Comme disciple du Nazaréen, il risque d’être lapidé. Peu lui importe. Il défie tout. Les autres se sont enfuis, ils sont cachés, ils sont menés par la peur ou la prudence. Lui, c’est l’amour qui le conduit, donc il reste et se montre. C’est un pur. L’amour prospère dans la pureté.
Et si sa pitié et son bon sens populaire le poussent à tenir Marie éloignée de la foule et du Prétoire — il ne se doute pas que Marie partage toutes les tortures de son Fils en les souffrant spirituellement —, il n’hésite pas à la conduire à lui quand il estime que le moment est venu où Jésus a besoin de sa Mère et qu’il n’est pas permis de garder davantage la Mère séparée de son Fils. Mais il reste présent pour la soutenir et la défendre.
Il a la poigne des personnes fidèles: que peut un homme seul, désarmé, jeune, sans autorité, à la tête de quelques femmes, contre toute une foule bestiale? Rien. C’est un tas de feuilles que le vent peut disperser. Peu importe. L’amour est la force de Jean, la voile qui l’entraine. C’est armé d’amour qu’il part, et protège la Femme et les femmes jusqu’à la fin.
Jean a possédé l’amour de compassion comme personne au monde, excepté ma Mère. Il est le chef de file des amoureux de cet amour. Il est ton maitre en cela. Suis l’exemple de pureté et de charité qu’il te donne, et tu seras grande.
Maintenant, va en paix. Je te bénis.»
[Le 7 avril 1945]
613.14 – Jésus dit:
«[…]
Je prévois les observations des trop nombreux Thomas et des scribes d’aujourd’hui sur une phrase de cette dictée Phrase qui se trouve en 613.8 et qui sera éclaircie de nouveau dans le texte de 627.14. La référence aux Thomas s'explique par la date de cette "dictée", qui est la même que la "vision" sur l'incrédulité de l'apôtre Thomas (chapitre 628). Dans la précédente édition française (1985) elle était incluse à cette place. qui semble en contradiction avec la gorgée d’eau offerte par Longinus. Ah, comme les négateurs du surnaturel, les rationalistes de la perfection se réjouiraient s’ils pouvaient trouver une fissure dans le magnifique ensemble de cette œuvre de bonté divine unie à ton sacrifice, petit Jean, une fissure dans laquelle ils glisseraient, en guise de levier, le pic de leur rationalisme meurtrier pour tout faire écrouler! C’est donc pour les prévenir que je vais m’expliquer.

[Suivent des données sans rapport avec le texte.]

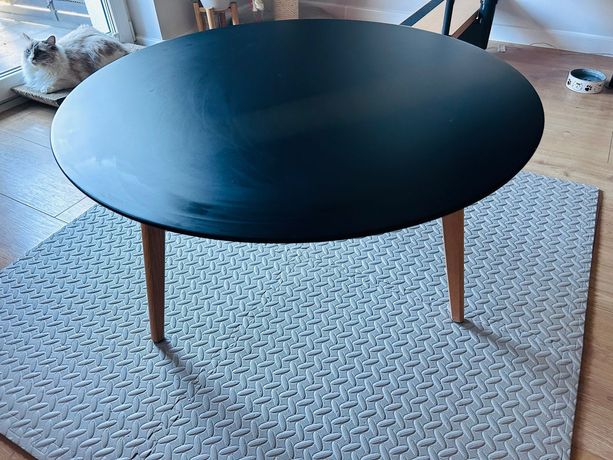 Stolik kawowy, okrągły, czarny,  BELIANI, 80 cm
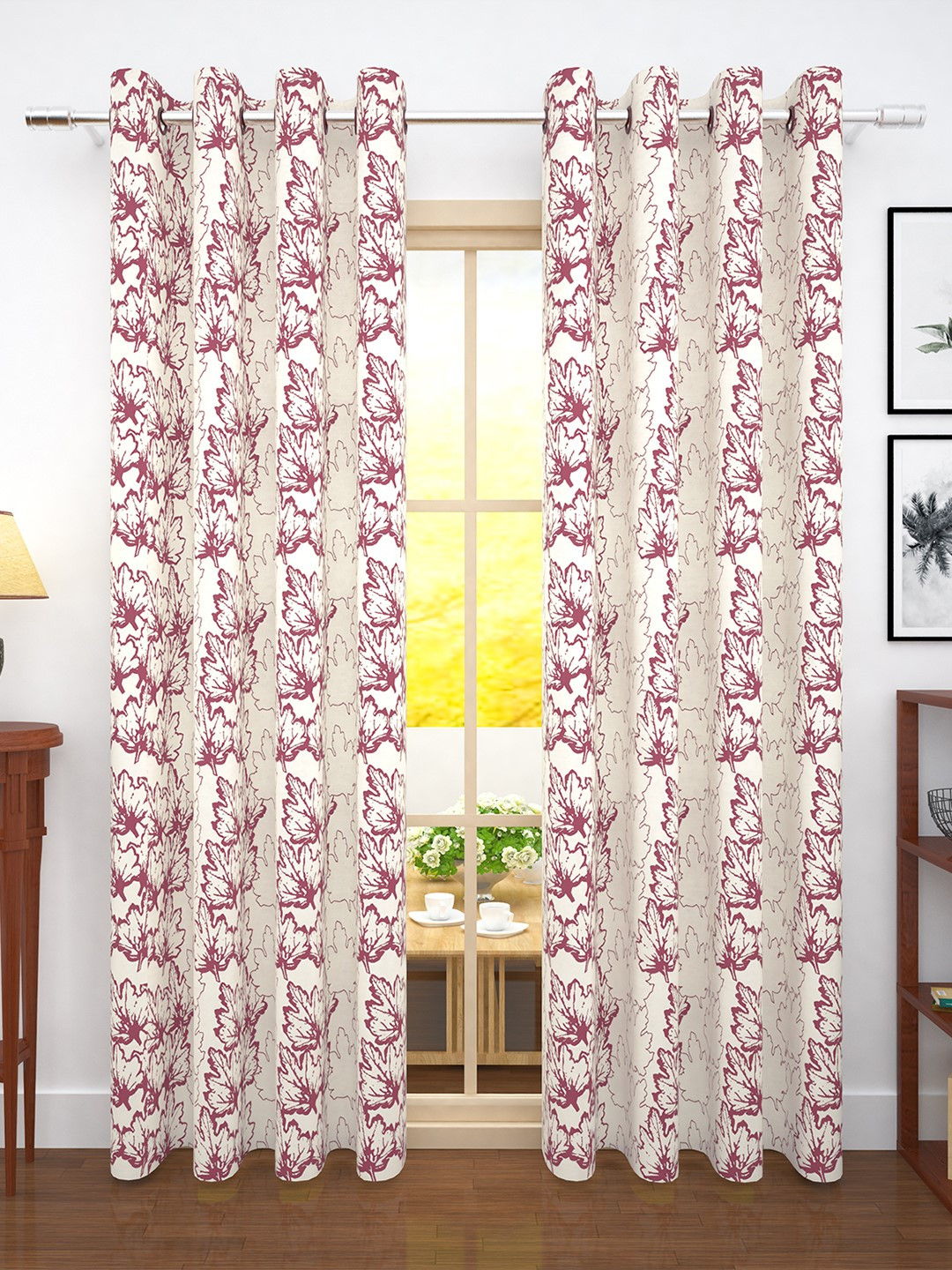 Story@home Off White & Pink Set of 2 300GSM Semi Blackout Jacquard Eyelet Ringtop Door Curtains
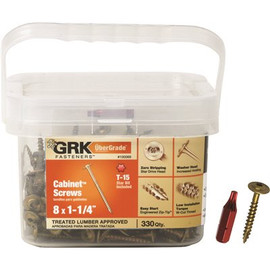 GRK Fasteners #8 x 1-1/4 in. Star Drive Washer Head Low Profile Cabinet Wood Screw Pail (330-Piece)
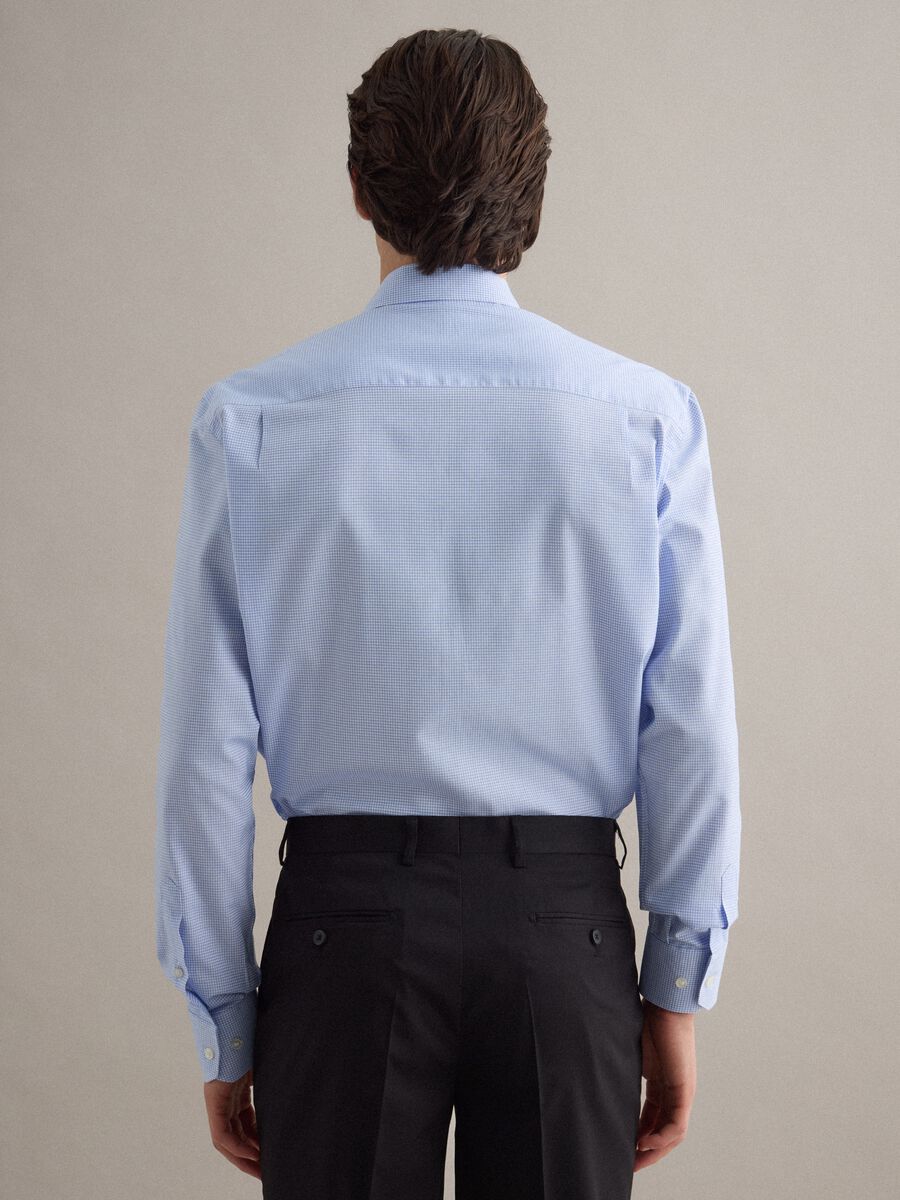 Camicia in puro cotone a quadri bianca e azzurra regular fit easy iron_3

Cette pauvre gorgée d’eau — une goutte dans l’incendie de la fièvre et par rapport à la sècheresse de mes veines vides — acceptée par amour pour une âme qu’il fallait persuader par l’amour pour l’amener à la Vérité, cette gorgée m’a demandé un immense effort, car l’essoufflement m’étranglait la gorge et empêchait toute déglutition, et les coups de fouet m’avaient brisé; elle ne m’a apporté aucun soulagement autre que spirituel. Pour mon corps, elle n’a servi à rien. Je pourrais presque parler d’un tourment supplémentaire…
Il aurait fallu des fleuves pour désaltérer ma soif! Et je ne pouvais pas boire en raison de l’angoisse de la douleur précordiale. Tu sais ce qu’il en est… Il m’aurait donc fallu des fleuves, mais on ne me les a pas donnés. D’ailleurs, je n’aurais pu les accepter tant je suffoquais. Mais quel réconfort cela aurait été pour mon cœur s’ils m’avaient été offerts! C’est d’amour que je mourais, d’amour non reçu. La pitié est amour. Or Israël n’a montré aucune pitié.